RB: Not writing a novel...

RR: ...it’s not writing a novel.

RB: You are writing a sketch for what someone else is going to do.

RR: I’m one craftsman involved in a project that ultimately is not going to be mine in any real sense at all.

RB: Is the most challenging part of screenwriting writing dialogue? And that usually gets transformed...

RR: Yeah. One of the reasons I have gotten into writing screenplays — one of the reasons it’s a natural — is that dialogue is my strong suit as a writer anyway — so making that bridge is pretty easy.

RB: I want to get back to the painfulness in writing this book that you mentioned, but let's talk about Richard Yates first. What I know of Yates and what I got from your introduction to his Collected Stories got me to thinking about a seeming paradox of a writer appreciating a writer or being a fan of a writer, and even when that writer does not write like the person he admires. In this case that’s you and Richard Yates. There is no rule that you should write like people you admire, but still Yates, like Robert Stone, shows people in trouble who don’t get out of trouble. Also not your way.
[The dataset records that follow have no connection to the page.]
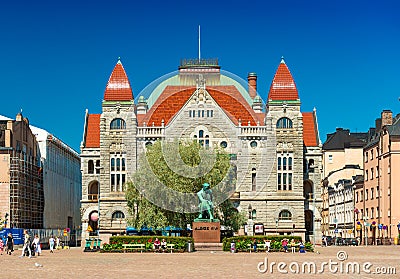 Helsinki - June 2019, Finland: Building of the Finnish National Theatre and the Statue of Aleksis Kivi Editorial Stock Photo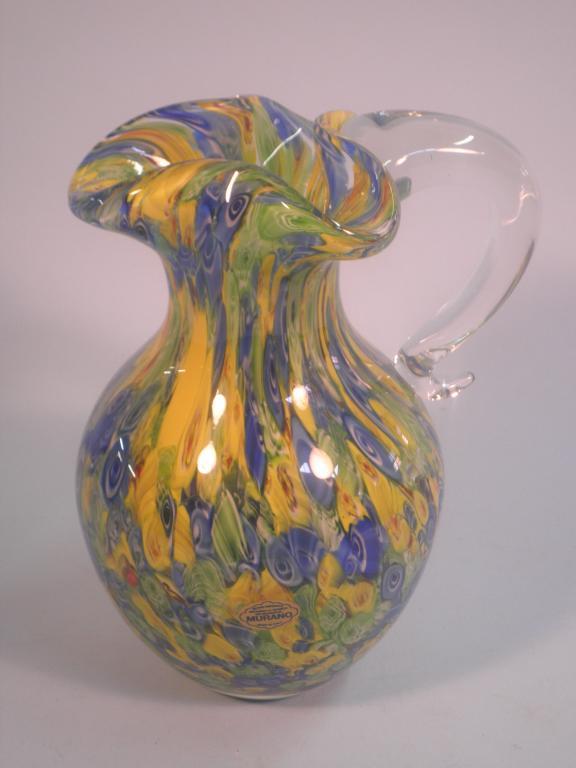 Appraisal: A Murano glass jug with millefiori type decoration in red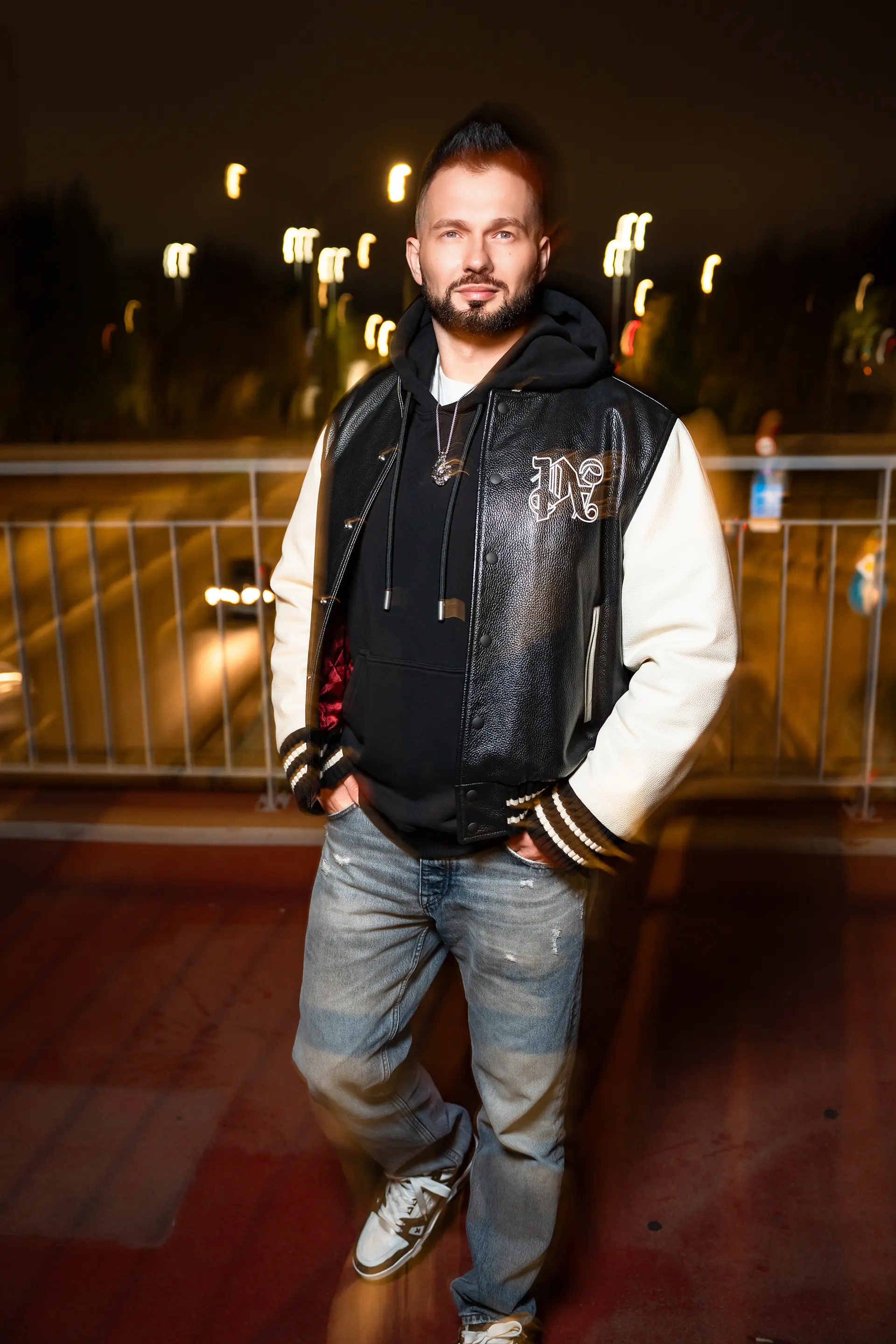 Grzegorz Nowak w skórzanej kurtce typu varsity i bluzie z kapturem pozujący na tle nocnego miasta.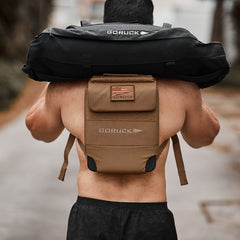 A person carries a black Ruck Plate Carrier 3.0 sandbag while their tan backpack is crafted from durable ballistic nylon.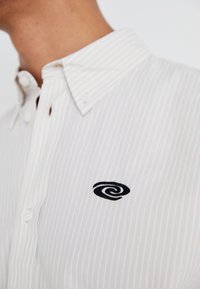 Camicia bianca con bottoni, presenta un piccolo logo a spirale nera, con delle sottili strisce verticali grigio chiaro e un colletto classico dal texture morbida.
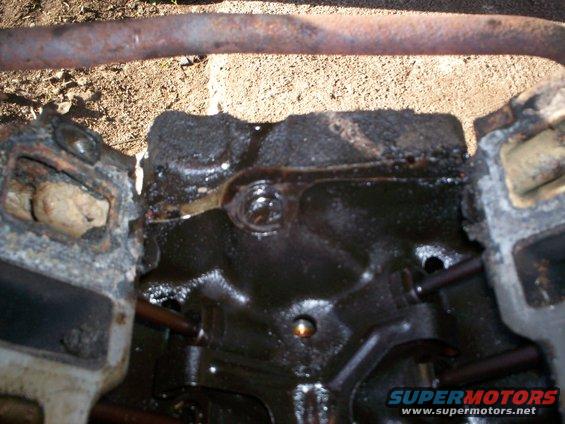 Close-up of an oily engine block with some internal components visible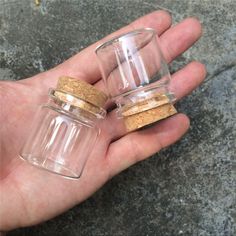 two small glass jars with corks are held in someone's hand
RR: The thing that I would say about literature in general, the thing that I love most about it, is that when I’m in the world of a gifted writer I’m able to see that world through that writer’s eyes, not my own. I do love the work of a lot of people who are very different from me. I love Alice Munro’s work. Here’s somebody who can write one end of what turns out to be a twenty five or thirty page story in The New Yorker, sometimes without a single scene in it, with virtually no dialogue, in this gorgeous prose, pretty language. That in its astonishing grace — is just about as far away from the rhythms of the prose that I write, imaginable. Yet, when I’m in her world, I’m in her world. And the same way with Yates. What everybody says about Yates is that — I am such a cautiously but definitely congenitally hopeful person. My characters don’t so much get out of trouble as learn how to live with it — but Yates’ characters don’t even get that far. Yates’ characters go from bad trouble to worse trouble and end up in heartbreak the way moths go to flames. In very few of his stories is he ever able to achieve the kind of marginal hope that I arrive at in just about everything I write. So it is strange in that way.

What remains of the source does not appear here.